Retype the records below exactly as they appear, but leave out any pictures.
+--
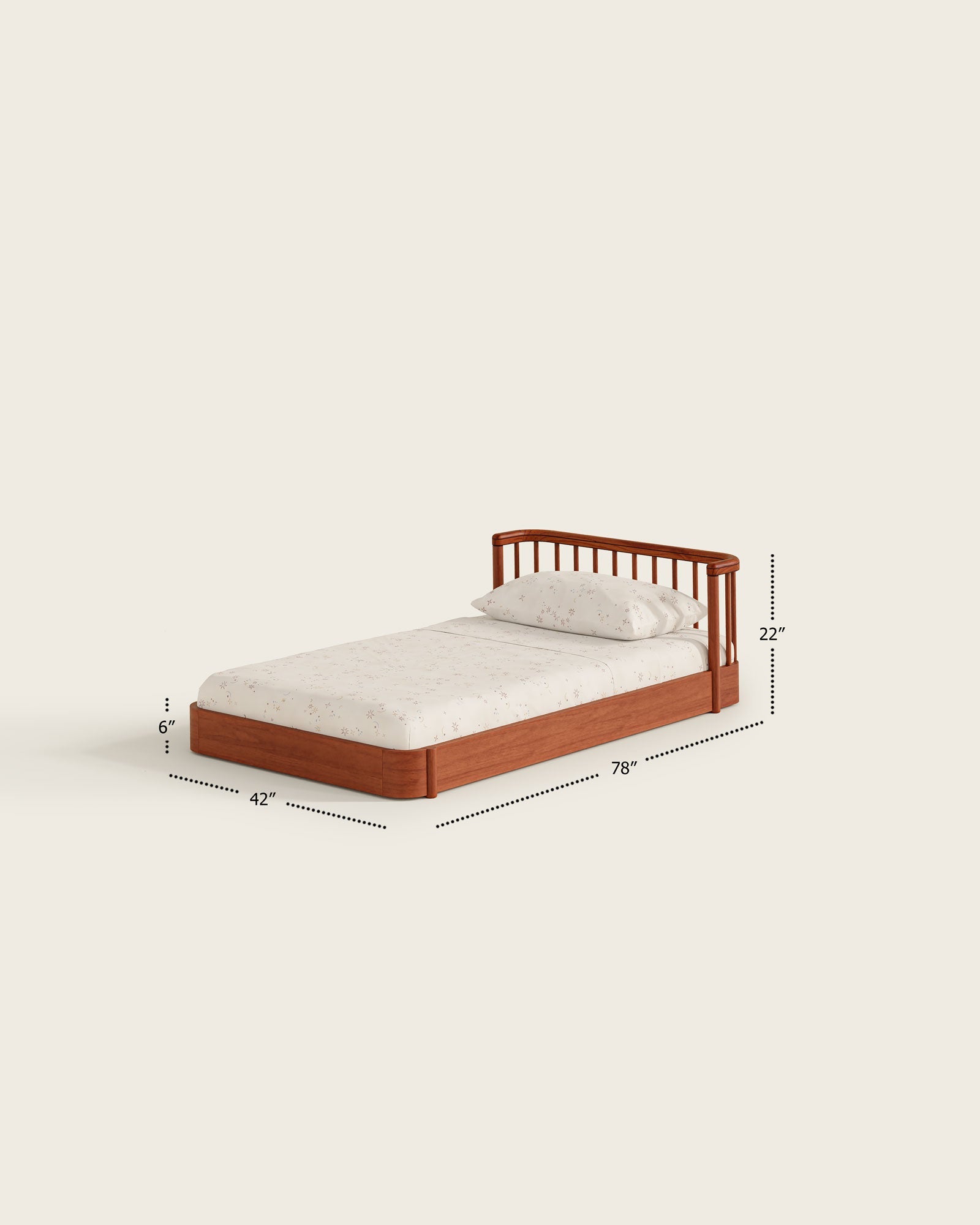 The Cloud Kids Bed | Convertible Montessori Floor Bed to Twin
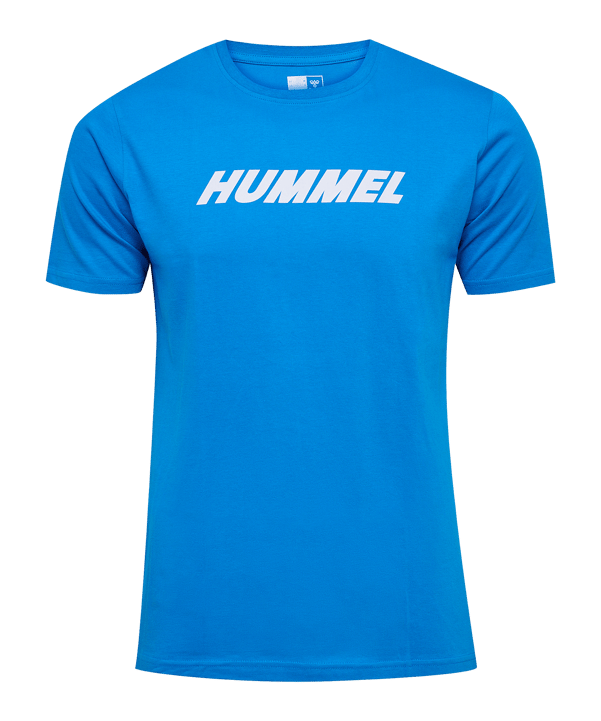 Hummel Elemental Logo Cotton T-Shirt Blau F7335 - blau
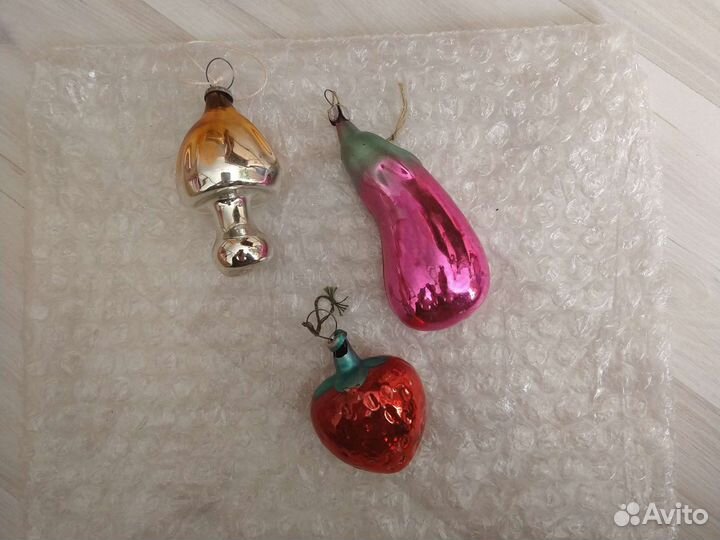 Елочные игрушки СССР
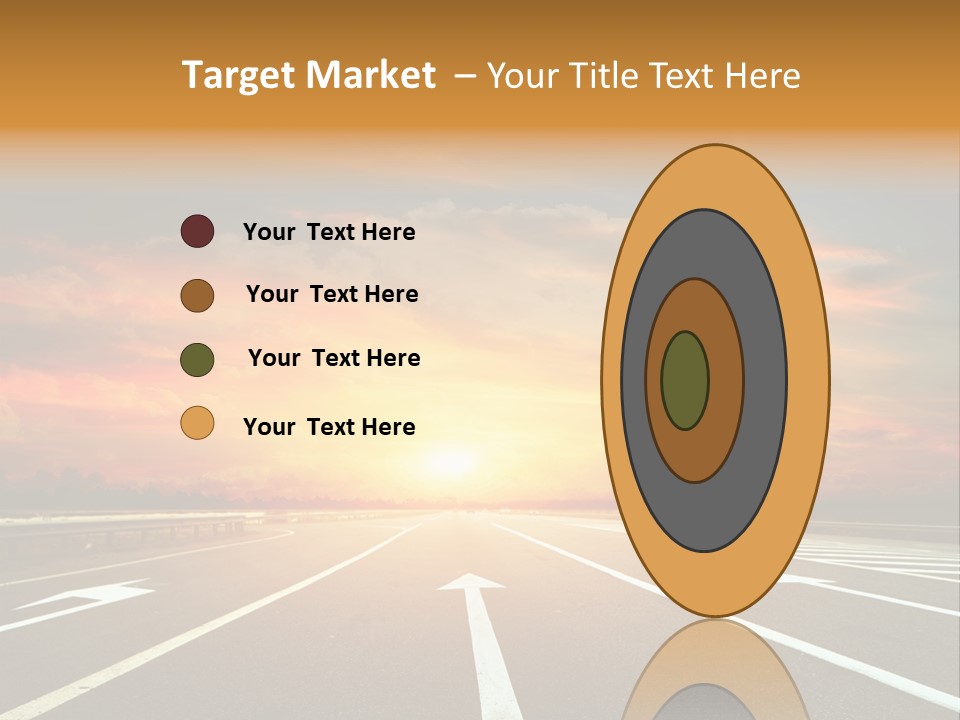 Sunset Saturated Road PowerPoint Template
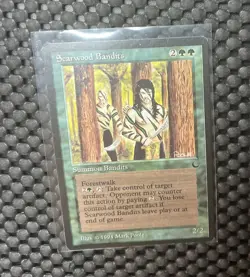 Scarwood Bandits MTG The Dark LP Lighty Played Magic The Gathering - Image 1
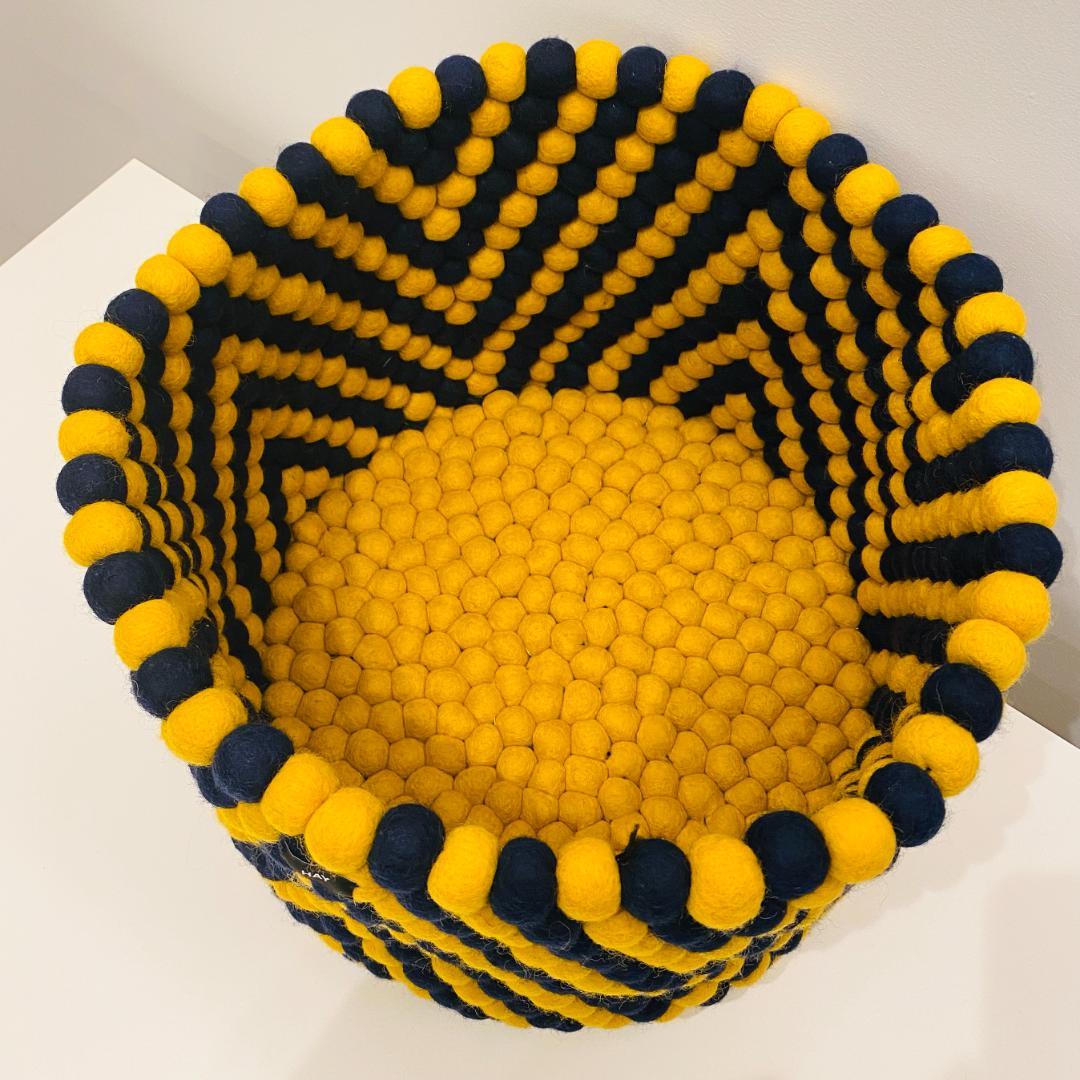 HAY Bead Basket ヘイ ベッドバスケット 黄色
+--
_Response to this exercise:_
 The Cloud Kids Bed | Convertible Montessori Floor Bed to Twin
 Hummel Elemental Logo Cotton T-Shirt Blau F7335 - blau
 Елочные игрушки СССР
 Sunset Saturated Road PowerPoint Template
 Scarwood Bandits MTG The Dark LP Lighty Played Magic The Gathering - Image 1
 HAY Bead Basket ヘイ ベッドバスケット 黄色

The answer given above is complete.